Friday, March 15, 2013

Top 10 Ways to Destroy Earth Sam Hughes, LiveScience Contributor # 9


Top 10 Ways to Destroy Earth

Date: 12 January 2012 Time: 08:45 AM ET
illustration of earth being bombarded by space rocks
Credit: NASA/JPL
Pulverized by impact with blunt instrument
You will need: a big heavy rock, something with a bit of a swing to it ... perhaps Mars.

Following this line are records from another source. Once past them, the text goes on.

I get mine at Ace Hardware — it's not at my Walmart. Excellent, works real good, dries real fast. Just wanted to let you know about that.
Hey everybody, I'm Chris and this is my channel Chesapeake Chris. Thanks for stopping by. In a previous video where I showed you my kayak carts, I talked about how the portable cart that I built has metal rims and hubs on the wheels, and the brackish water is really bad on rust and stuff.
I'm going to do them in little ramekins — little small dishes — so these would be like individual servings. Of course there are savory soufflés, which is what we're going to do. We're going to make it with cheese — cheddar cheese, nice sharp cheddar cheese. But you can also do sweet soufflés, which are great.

Method: Essentially, anything can be destroyed if you hit it hard enough. ANYTHING. The concept is simple: find a really, really big asteroid or planet, accelerate it up to some dazzling speed, and smash it into Earth, preferably head-on but whatever you can manage. The result: an absolutely spectacular collision, resulting hopefully in Earth (and, most likely, our "cue ball" too) being pulverized out of existence - smashed into any number of large pieces which if the collision is hard enough should have enough energy to overcome their mutual gravity and drift away forever, never to coagulate back into a planet again.

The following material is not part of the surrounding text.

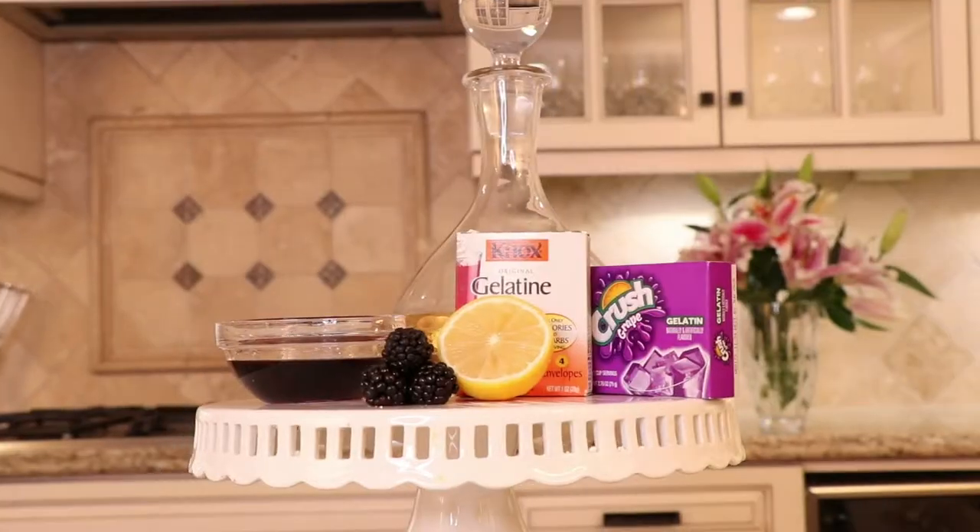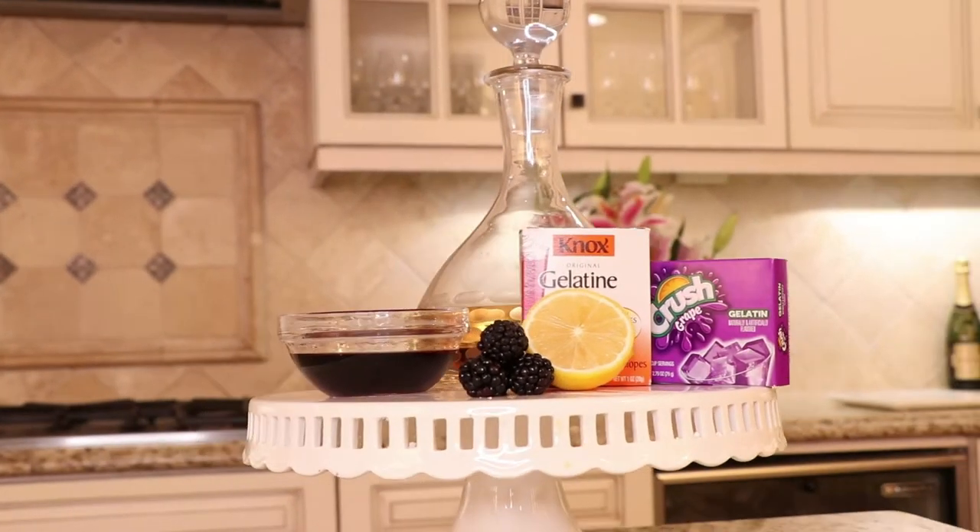The bramble gel cocktail has two parts — it's basically like an adult jello shot with two layers: a dark layer and a light layer. For the dark layer you're going to need six ounces of blackberry liqueur, a packet of Knox unflavored gelatin, a packet of grape jello, and one cup of hot water.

A brief analysis of the size of the object required can be found here. Falling at the minimal impact velocity of 11 kilometers per second and assuming zero energy loss to heat and other energy forms, the cue ball would have to have roughly 60 percent of the mass of the Earth. Mars, the next planet out, "weighs" in at about 11 percent of Earth's mass, while Venus, the next planet in and also the nearest to Earth, has about 81 percent. Assuming that we would fire our cue ball into Earth at much greater than 6.8 miles/second, or 11 km/s, (I'm thinking more like 31 mi/s, or 50 km/s), either of these would make great possibilities.

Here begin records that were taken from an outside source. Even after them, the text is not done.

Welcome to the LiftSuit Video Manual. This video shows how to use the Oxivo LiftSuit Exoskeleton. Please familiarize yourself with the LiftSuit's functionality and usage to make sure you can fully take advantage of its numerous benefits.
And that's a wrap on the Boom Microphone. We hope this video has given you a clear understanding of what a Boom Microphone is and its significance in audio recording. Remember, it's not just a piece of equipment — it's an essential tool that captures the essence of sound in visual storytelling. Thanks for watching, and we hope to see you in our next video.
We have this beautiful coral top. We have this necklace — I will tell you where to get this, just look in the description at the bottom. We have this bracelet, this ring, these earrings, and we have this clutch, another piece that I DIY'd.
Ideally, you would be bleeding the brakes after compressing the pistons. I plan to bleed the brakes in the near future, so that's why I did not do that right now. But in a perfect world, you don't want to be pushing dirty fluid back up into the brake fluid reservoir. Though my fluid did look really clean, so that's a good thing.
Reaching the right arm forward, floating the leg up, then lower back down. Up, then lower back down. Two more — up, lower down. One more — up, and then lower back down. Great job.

Obviously a smaller rock would do the job, you just need to fire it faster. A 10,000,000,000,000-tonne asteroid at 90 percent of light speed would do just as well. See the Guide to moving Earth for useful information on maneuvering big hunks of rock across interplanetary distances.
Pretty plausible.
Earth's final resting place: a variety of roughly moon-sized chunks of rock, scattered haphazardly across the greater solar system.
Earliest feasible completion date: Ah. Yes. At a billion tons of mass driven out of the Earth's gravity well per second: 189,000,000 years.